Pin P G, Nowak M, Logan S E, Young V L, Gilula L A, Weeks P M
Division of Plastic and Reconstructive Surgery, Washington University School of Medicine, St. Louis, Mo 63110.
J Hand Surg Am. 1990 Jan;15(1):110-9. doi: 10.1016/s0363-5023(09)91117-0.

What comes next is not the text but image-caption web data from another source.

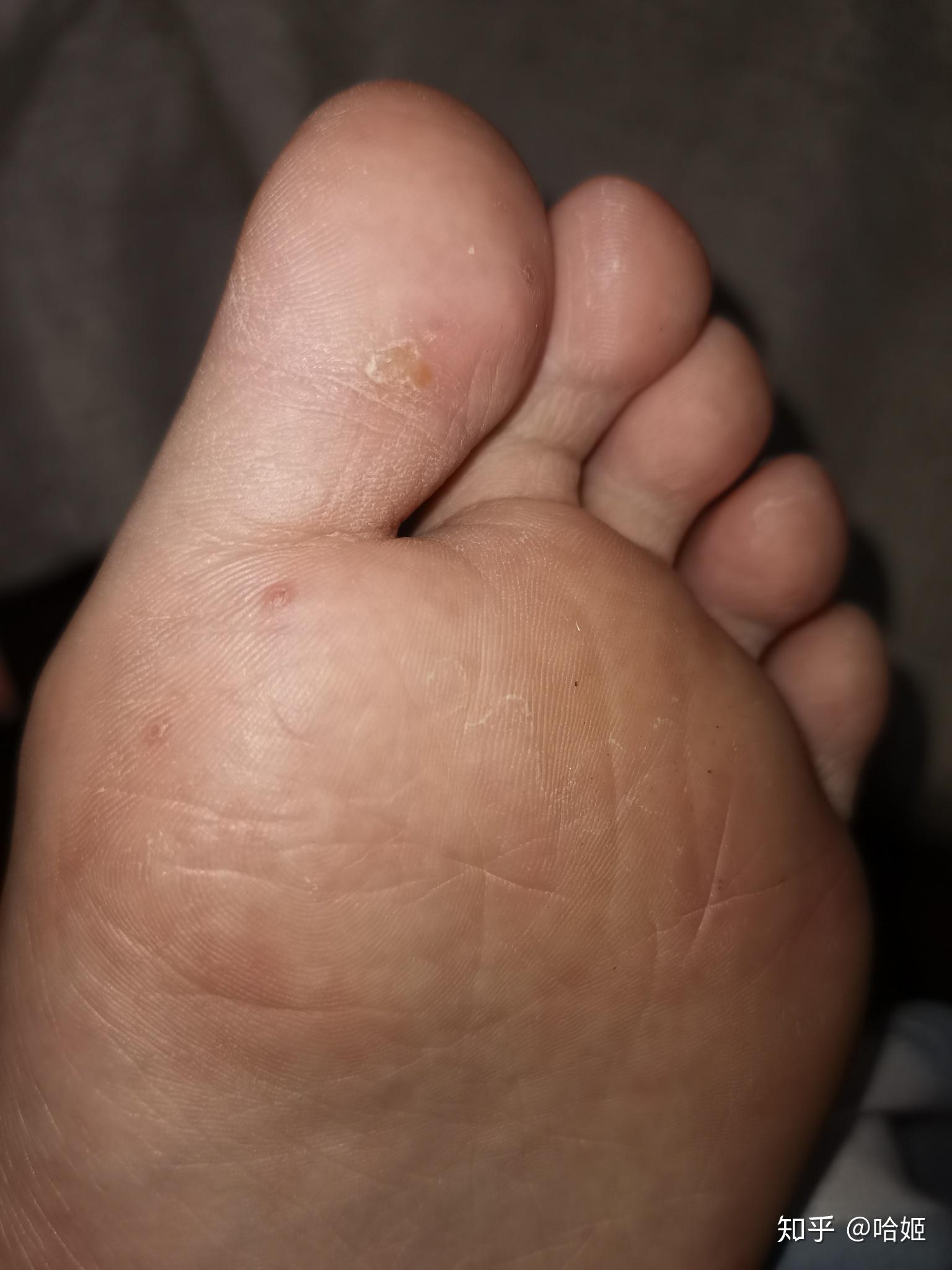 液氮冷冻治疗后手指上出了血泡而且越来越大该怎么办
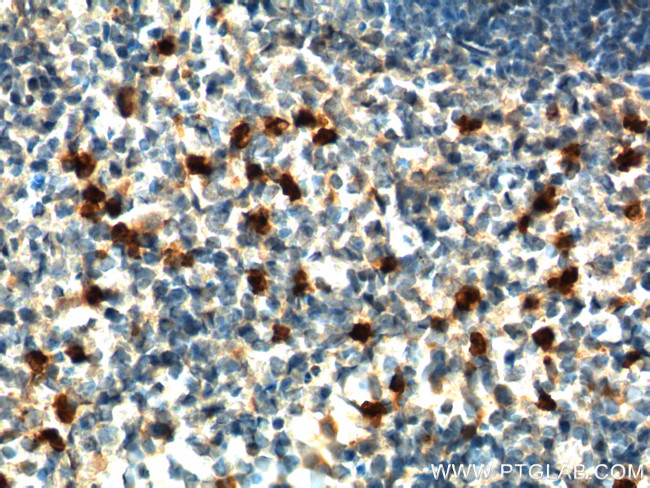IL-17a Antibody in Immunohistochemistry (Paraffin) (IHC (P))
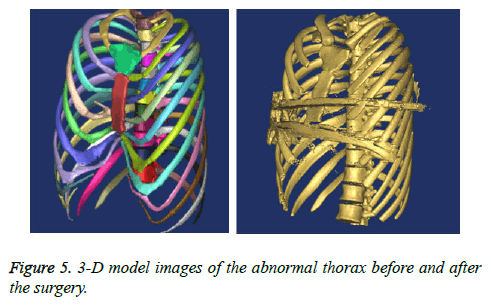 biomedres-abnormal-thorax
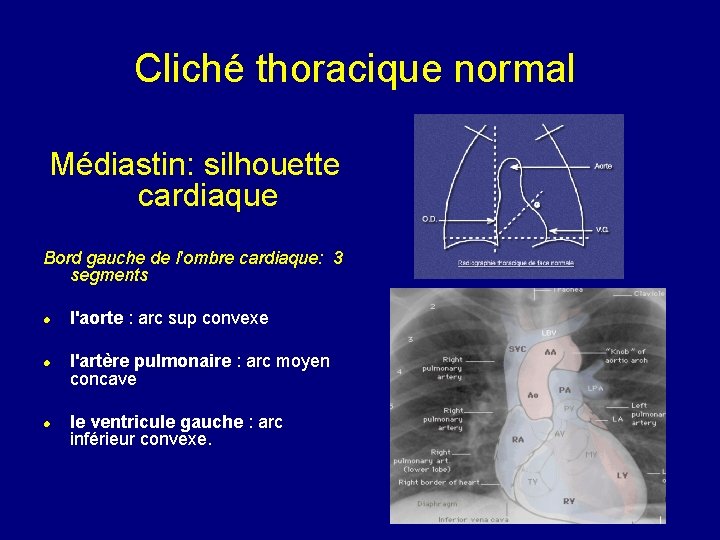 Cliché thoracique normal Médiastin: silhouette cardiaque Bord gauche de l'ombre cardiaque: 3 segments l'aorte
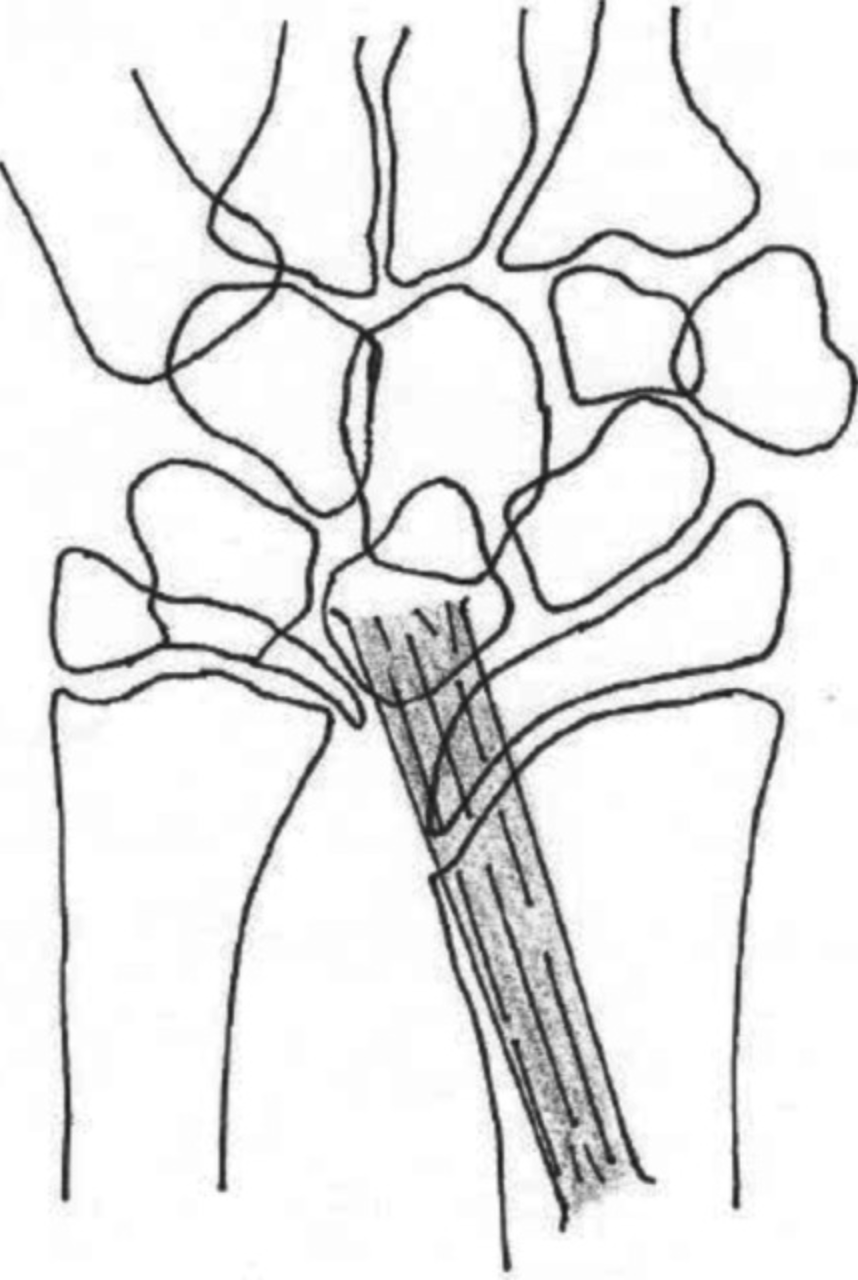 <p>Vickers Ligament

Wrist injuries causing coincident disruptions of the scapholunate and lunotriquetral ligaments commonly result in perilunate dislocations. This article (1) describes our management of eight patients with wrist pain after coincident scapholunate and lunotriquetral ligament disruptions in the absence of perilunate dislocation; and (2) reports the results of biomechanical testing of some of the extrinsic and intrinsic wrist ligament and interprets these data to explain the injury seen clinically. The diagnosis of ligament failure was made on the basis of history, physical examination, arthrography and surgical exploration. Surgical treatment of seven patients consisted of concomitant scapho-trapezio-trapezoid fusion and lunotriquetral fusion. Three of seven patients were free of pain, two had pain only at the extremes of motion, and two required additional surgery. Biomechanical analysis of the scapholunate and lunotriquetral ligaments and two extrinsic wrist ligaments, the radiolunotriquetral and the radioscaphocapitate, confirmed the clinical suspicion that the intrinsic ligaments could be completely disrupted while the extrinsics are only partially injured. Such a scenario could account for the residual stability that prevents the development of perilunate dislocations. Coincident disruption of the scapholunate and lunotriquetral ligaments in the absence of perilunate dislocation is an unusual injury. Treatment with lunotriquetral fusion and scapho-trapezio-trapezoid fusion restored functional use in five of seven wrists while maintaining wrist motion.
导致舟月韧带和月三角韧带同时断裂的腕部损伤通常会导致月骨周围脱位。本文:(1)描述了我们对8例在没有月骨周围脱位的情况下舟月韧带和月三角韧带同时断裂后腕部疼痛患者的治疗方法;(2)报告了一些腕部外在和内在韧带生物力学测试的结果,并对这些数据进行解释以说明临床上所见的损伤情况。韧带损伤的诊断基于病史、体格检查、关节造影和手术探查。7例患者的手术治疗包括同时进行舟状骨-大多角骨-小多角骨融合和月三角融合。7例患者中有3例无痛,2例仅在运动极限时疼痛,2例需要再次手术。对舟月韧带、月三角韧带以及两条腕部外在韧带——桡月三角韧带和桡舟头韧带的生物力学分析证实了临床怀疑,即内在韧带可能完全断裂而外在韧带仅部分损伤。这种情况可以解释为何存在残余稳定性从而防止月骨周围脱位的发生。在没有月骨周围脱位的情况下舟月韧带和月三角韧带同时断裂是一种不常见的损伤。月三角融合和舟状骨-大多角骨-小多角骨融合治疗使7例腕部中的5例恢复了功能使用,同时保持了腕部活动度。